Library arranges blind dates – with books
SYCAMORE – What about this book, the fat one in the corner? Does that feel like a good read? Or maybe the tall, skinny one next to it.
Not even Katherine Keyes, Sycamore Public Library assistant director, could tell what kind of book she had when she picked one out last week – and the whole thing was her idea.
For the last two weeks, the Sycamore Public Library has hosted “Have a Blind Date With a Book on Valentine’s Day.”
Books were chosen at random from throughout the library and wrapped in brown paper with little one- and two-word clues as to what they were about. Patrons didn’t know until they got home and unwrapped their books just what they had.

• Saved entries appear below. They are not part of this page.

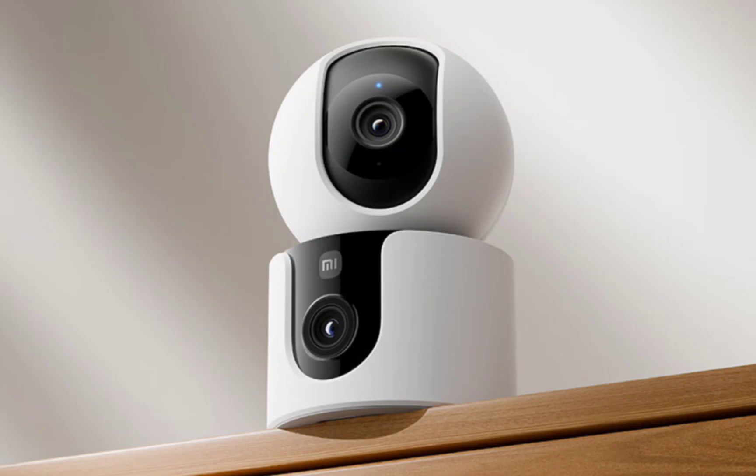The C300 is equipped with night vision capabilities with its 12,940 nm infrared supplementary lights. It also boasts AI features like local human detection, virtual fences, local sound detection, and AI face recognition, providing users with real-time notifications and peace of mind.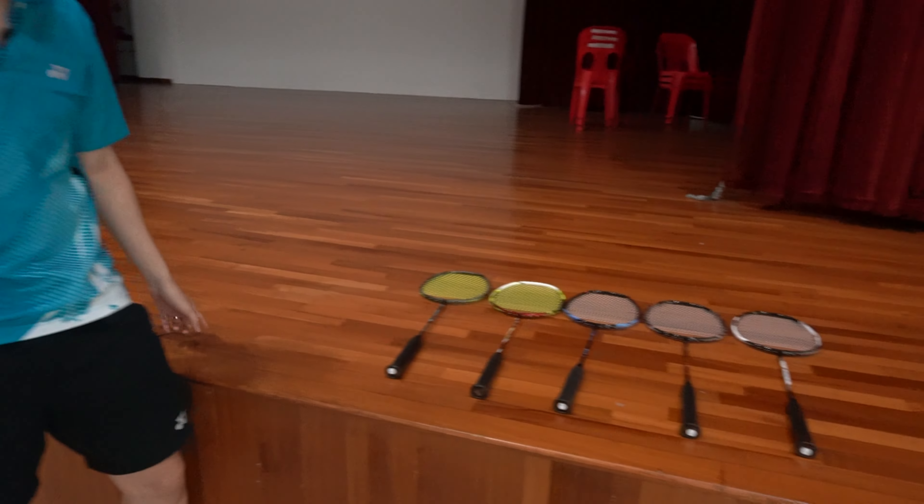Look at all these rackets. It's like a dream come true. But you know what's even better? Helping someone else make their dreams come true. That's right, I'm going to be giving away all of these rackets.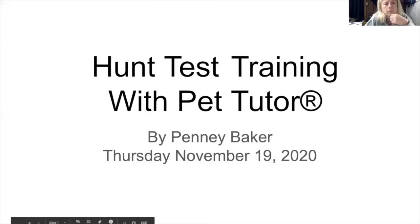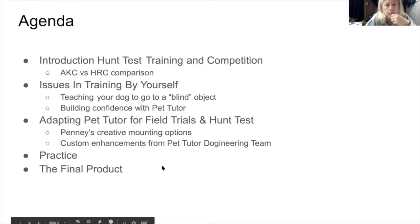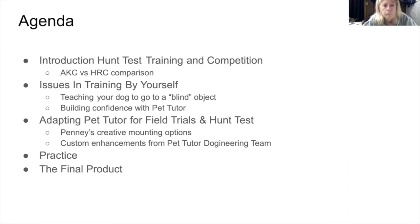This is Hunt Test Training with Pet Tutor, presented by Penny Baker. Today's agenda covers an introduction to hunt test training and competition, comparing the American Kennel Club versus the Hunting Retriever Club, issues in training by yourself, teaching your dog to go to a blind object, building confidence with the Pet Tutor, and adapting the Pet Tutor for field trials and hunt tests, including creative mounting options and custom enhancements.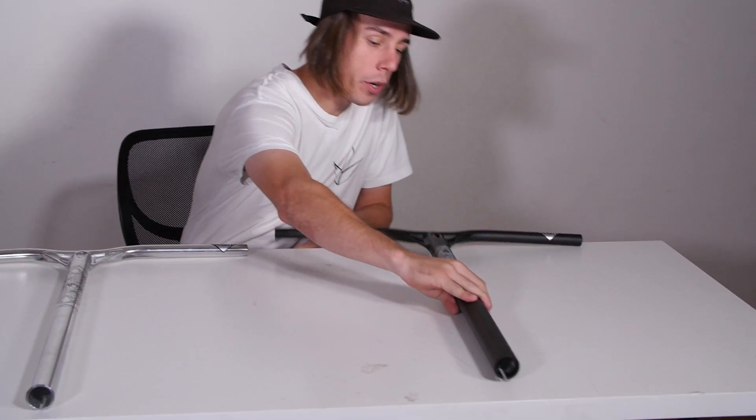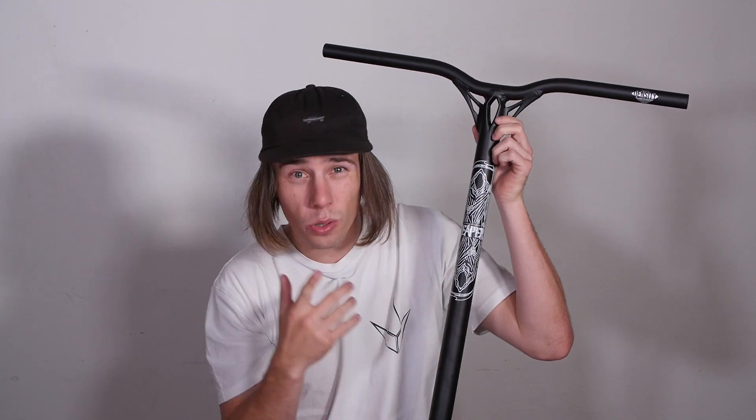To give you guys a bit of a description about the new bars, I'm gonna run you through some of the changes. First one to point out is this decal — as you can tell it is an upgrade from the last one. We've taken a few things out of it, there's no colors in there, it sits nice and flush, and if you ask me it looks super classy.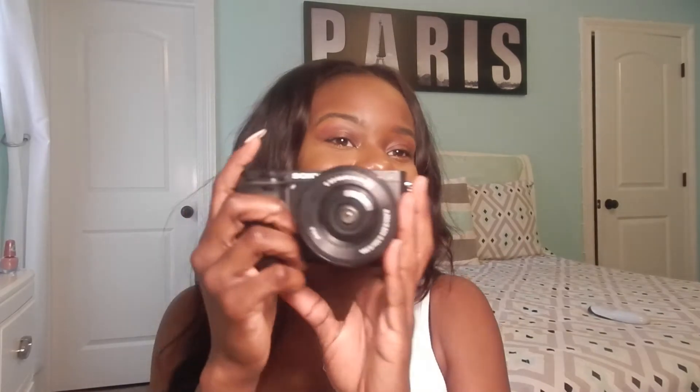It also came with a little strap that I still don't know how to put on — I'm just gonna be honest. I still can't figure it out, but I'll get it eventually. I kind of need to because it didn't come with a case, so I have to carry it around my neck. Anyway, the fun part is the actual camera, which I have right here. I did tons of research because I wanted the best camera for the best price and best quality, and I came up with the Sony A-series.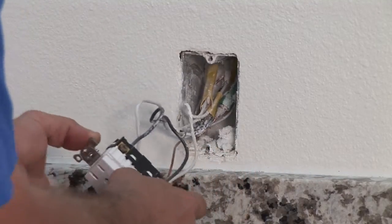Hi, I'm Nick Mara with CJS Electric. Today I want to show you how to replace electrical outlets in a home.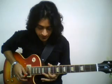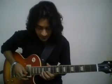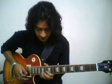Pull off to E. Then I hammer the D, also on the second string. And then I pick the C.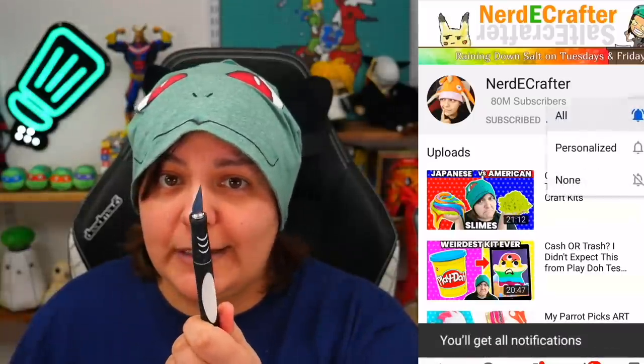By the way, for those of you new to this channel, don't forget to subscribe. I post videos twice a week on Tuesdays and Fridays. Don't forget to click on all notifications — otherwise I will 100% wave this sharp pointy thing at you.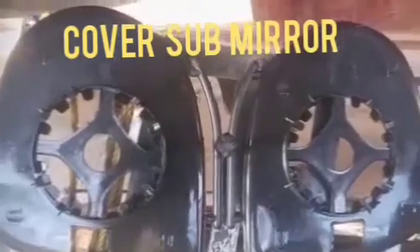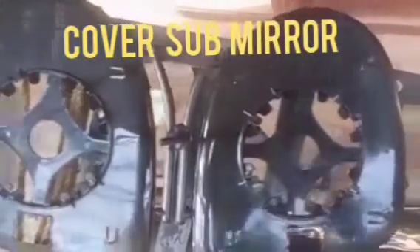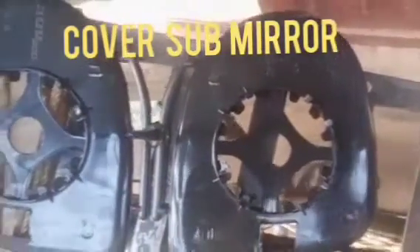Hi friends, I would like to show you how to make the sub-mirror cover in the factory. It is cast with a die — two pieces are already cast in the die — and it will be checked like this one.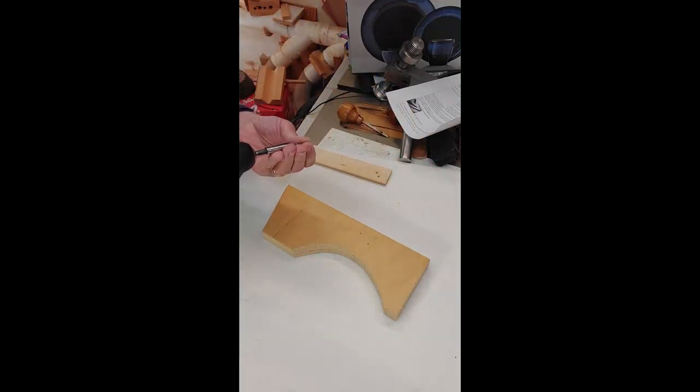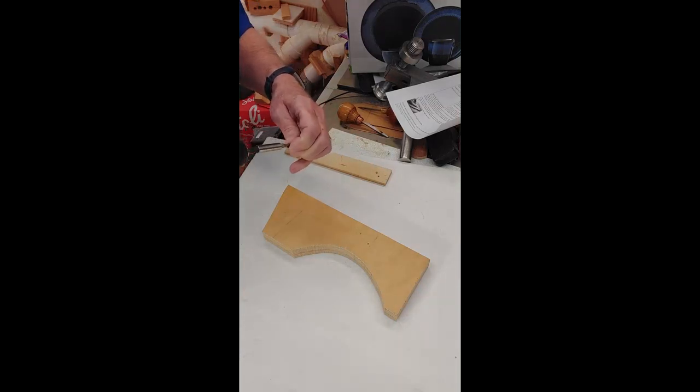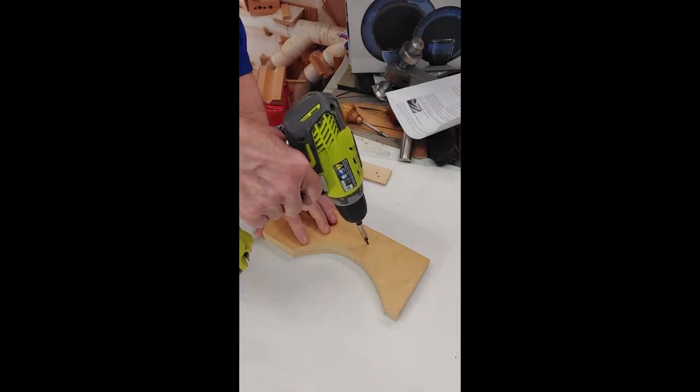The pointy ends cannot be a round point — it needs cutting edges, hence the ream-like shape. Birdcage awls are used to start holes for drilling and for screws.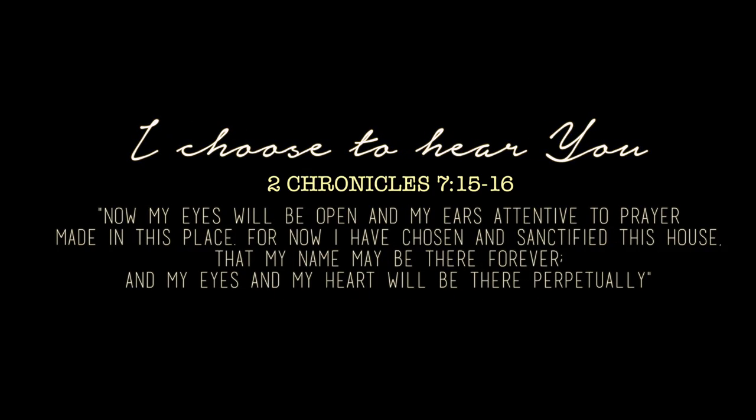Now my eyes will be open and my ears attentive to prayer made in this place. For now I have chosen and sanctified this house that my name may be there forever, and my eyes and my heart will be there perpetually. I choose to hear you Lord, bless this home so that we can glorify you. In Jesus' name, amen.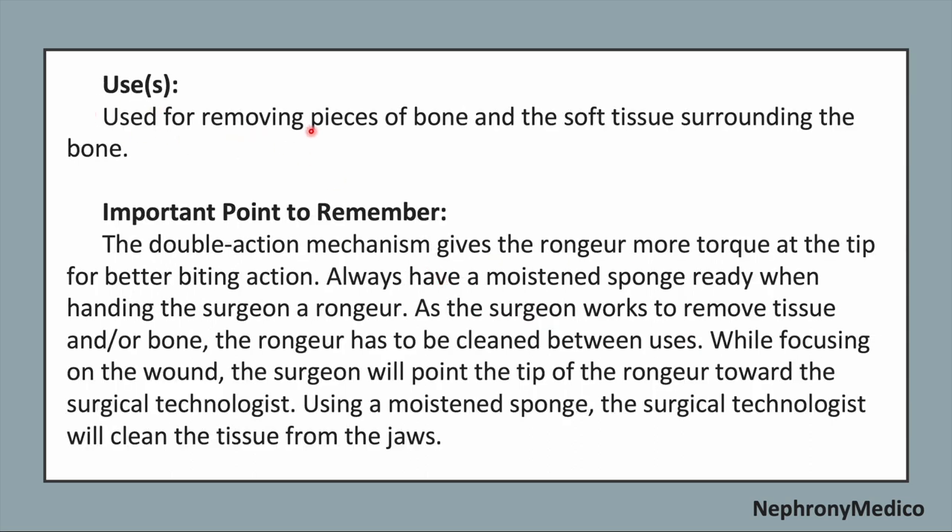It is used for removing pieces of the bone and soft tissue surrounding the bone. An important point to remember while using this instrument: the double-action mechanism gives the Rongier more torque at the tip for better biting action.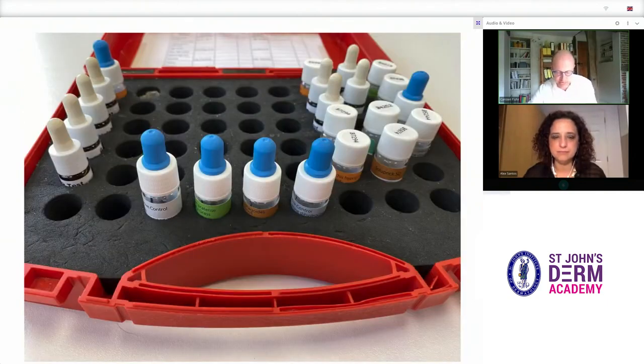This red case stores all the allergens. In practice, we tend to keep the bottles in the case while we conduct the test to avoid them tipping over.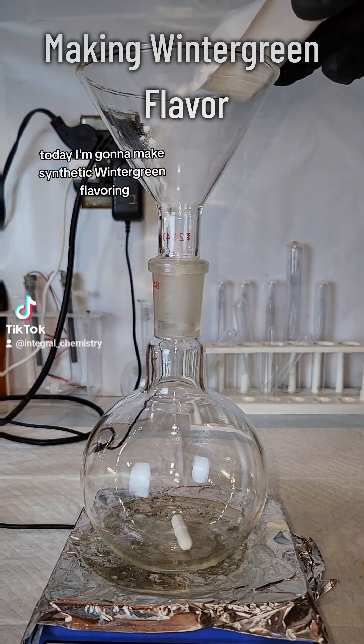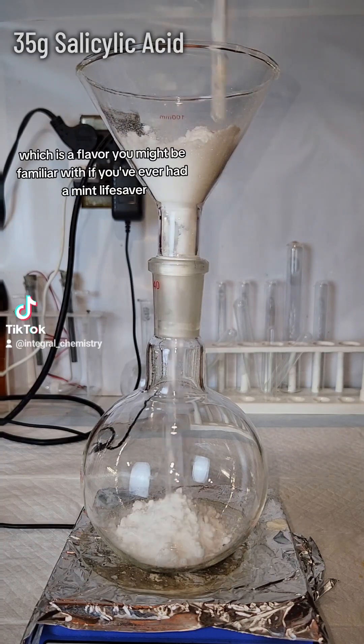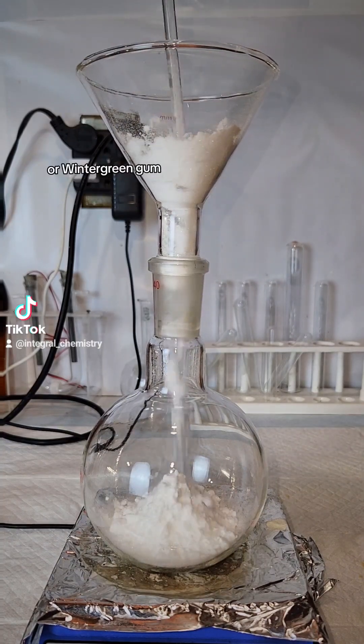Today I'm going to make synthetic wintergreen flavoring, which is a flavor you might be familiar with if you've ever had a mint lifesaver or wintergreen gum.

Some of the clues are intriguing. One was, “revealing, bossy, funny, memoir.” Another reads, “founding father, defining America, language,” while still another hints at “terrifying, chilling, gripping.”
“How much more fun is it to get a book when you don’t know what it is?” Keyes asked.
Keyes was so intrigued, she checked out a book herself. The clues were “brutal conditions, dangerous expedition, cold.” Based on the bar code, the library clerk told Keyes she had picked a good book.
“I asked her what it was, but she went, ‘No. no. No, no, you have to take it home and find out,’” Keyes laughed. “So you don’t know even when you check it out.”
The book was “Race to the End: Amundsen, Scott and the Attainment of the South Pole” by Ross D. E. McPhee.
Although it’s not the type of book she normally reads, Keyes said she’s going to read it anyway, which is one the reasons behind the program – introducing readers to new reading material.
Keyes said she got the idea for the display when two friends each sent her a blurb about another library doing the same thing. “I said, ‘Hey, we have to do this,’” she said.
“She presented it to me and it sounded like a hoot,” library director Sarah Tobias said. “So I asked the reference desk to take care of it, and they did.”
Debbie Norris, a reference librarian, said she and Tammy Johnston selected about a dozen books throughout the adult section of the library, both fiction and nonfiction.
“Some of the books I’ve read and enjoyed,” she said. “We just picked those we thought might capture the public’s interest.”
Some kids have expressed an interest in the books, but Norris said all of them are adult books. The library may do something similar for younger readers.
Enough books were checked out in the first week, Keyes said they had to add some more to the display. With the display situated at the top of the stairs, Norris said patrons can’t help but notice it.
Even those who don’t check out a book, she said, still get a chuckle out of it.
“It’s just a cute idea,” she said.
Though intended to only run through Valentine’s Day, Keyes said the display has been so successful it will stay up through the end of the month.